Correlation between the temperature dependences of short-circuit current and carrier mobility in P3HT:PCBM blend solar cells

Thermal annealing has been widely used to improve device performances of organic solar cells with regioregular (RR) poly(3-hexylthiophene) (P3HT) and [6,6]-phenyl C61-butyric acid methyl ester (PCBM) bulk heterojunction blends. Especially, short-circuit current density (Jsc) of the thermally-annealed device is significantly increased compared to that of the non-annealed one.
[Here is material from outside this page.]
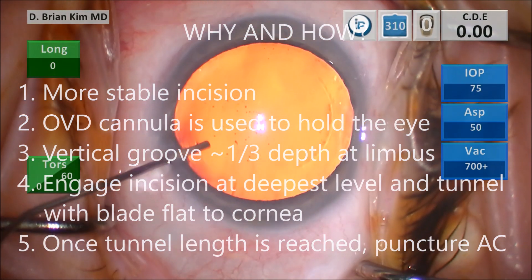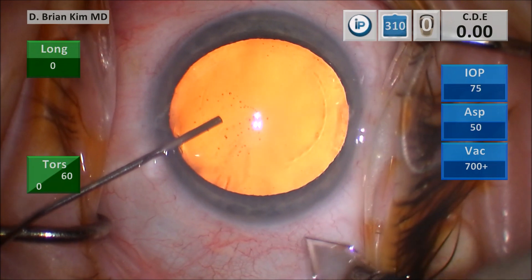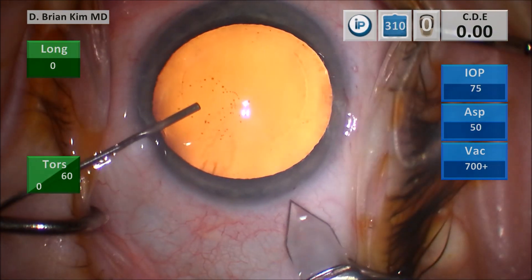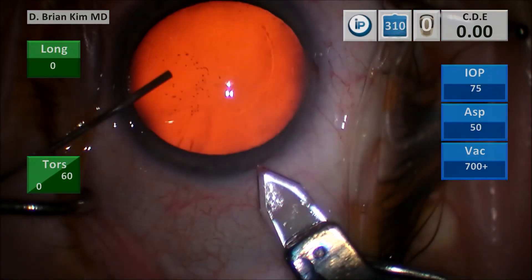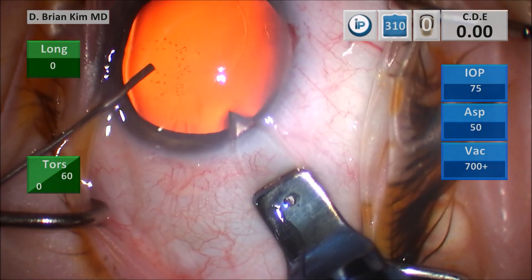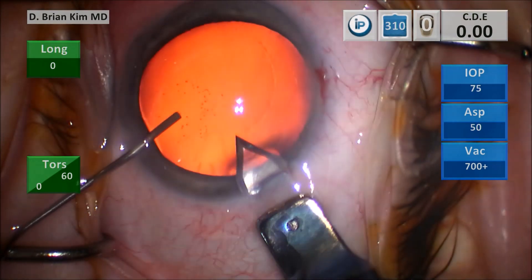As you can see here, I'm filling the eye with viscoelastic and then holding the eye with the cannula. I make my vertical groove and then I'm going to find that incision and get right to the depth of it. Then I'm tunneling flat to the cornea, making sure I'm tunneling where I want to go. And then when I'm ready to puncture, I go ahead and puncture.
The Jsc is proportional to the product of the carrier mobility and the number of photogenerated carriers which depends on the photocarrier generation efficiency and carrier recombination lifetime. Therefore, the enhanced Jsc implies that the thermal annealing can increase either the mobility and/or lifetime of the photogenerated carriers. In order to understand which parameter is more affected by thermal annealing, we compared the temperature dependence of the Jsc and carrier mobility of P3HT:PCBM (1:1, weight%) blend solar cells. The carrier mobility, measured from a time-of-flight photoconductivity (TOF-PC) measurement, increases from about 10-5 cm2/Vs to the order of 10-4 cm2/Vs as the temperature increases from 300 K to 360 K and then saturates above 360 K up to 400 K. This behavior is very similar to the temperature dependence of the current density of the P3HT:PCBM solar cell devices with the same blend ratio. Therefore, this correlation indicates that the thermal annealing increases the carrier mobility by improving morphological order of the blend film and thereby enhances the Jsc of the P3HT:PCBM blend solar cells.